The rationale is that individuals are accorded natural justice in the process of responding to allegations, and that allegations are properly investigated. However the Commissioner held that such a disclosure should be made in a manner which protects a complainant’s privacy to the greatest extent possible.
Using this rationale, it should only be necessary to disclose information which individuals require in order to address and respond to such a complaint and for investigative purposes.
The Commissioner determined that it was excessive to disclose the entirety of the complaint which should have been edited to reasonably protect the privacy of the complainant, particularly since the complaint in it’s raw form revealed the complainant’s state of mind, emotional responses and desired outcomes.
The organisation was required to collate the information provided by the complainant and distil it so that it only contained information which was necessary to disclose to the alleged bullies for the purpose of investigating the complaint.
Where, as was the case here, more than one staff member was involved in a documented instance of bullying, it may be appropriate in making a determination regarding what information to disclose, to furnish the details of a given incident to all respondents, however it was not necessary or appropriate to merely hand over the complaint wholesale to all respondents.
With respect to whether the complainant’s consent was violated in the collection of the information demanded of her in the course of the complaints process, the Privacy Commissioner held that the complainant’s consent couldn’t be relied upon as ‘real consent’, as under the organisation’s policy she was given no choice by management.
The notice principles contained within the IPPs were also held to have been breached, as the Privacy Commissioner decided, based on the evidence presented, that there was confusion over which version of the organisation’s policy was provided to the complainant. This meant that the complainant couldn’t have been sure as to precisely what information the complainant had notified her had to be disclosed.
The lesson is clear for organisations.

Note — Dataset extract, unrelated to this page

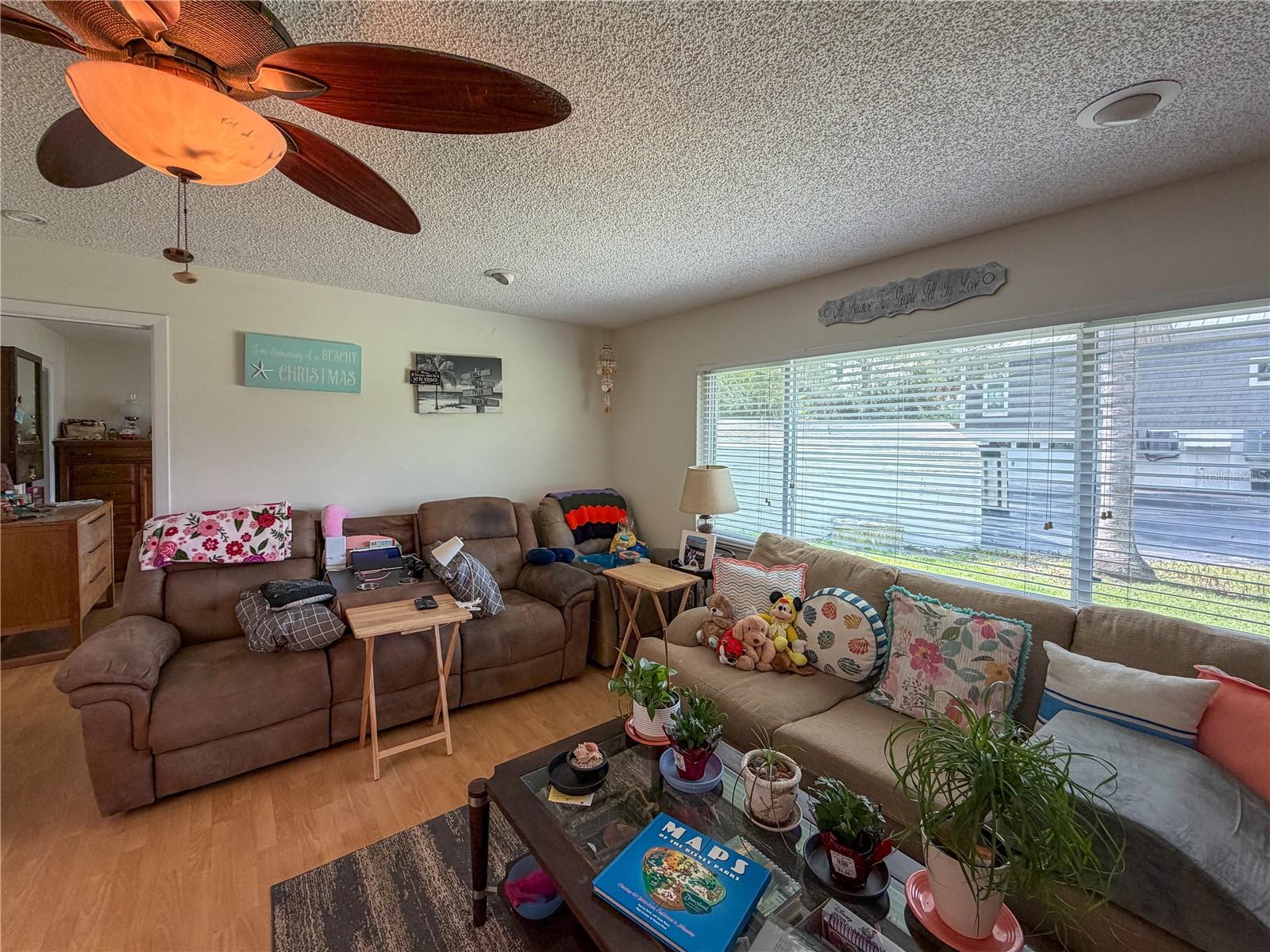 HIDDEN RIVER - Residential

Grievance policies and complaints procedures should be framed in a manner which enables bullying accusations to be fully investigated without unduly compromising a complainant’s privacy and confidentiality. The underlying rationale is that a workplace bullying complaints procedure should acknowledge the right of all persons involved to be treated with respect and be accorded due process and natural justice.
Whilst compliance with the duty to investigate workplace bullying complaints doesn’t confer any absolute guarantees of confidentiality or privacy upon victims, organisations must engage in a reasonable determination of what information is necessary to onforward to alleged bullies on a ‘need to know’ basis only, and only to the extent to which they are granted the right to respond to a case brought against them.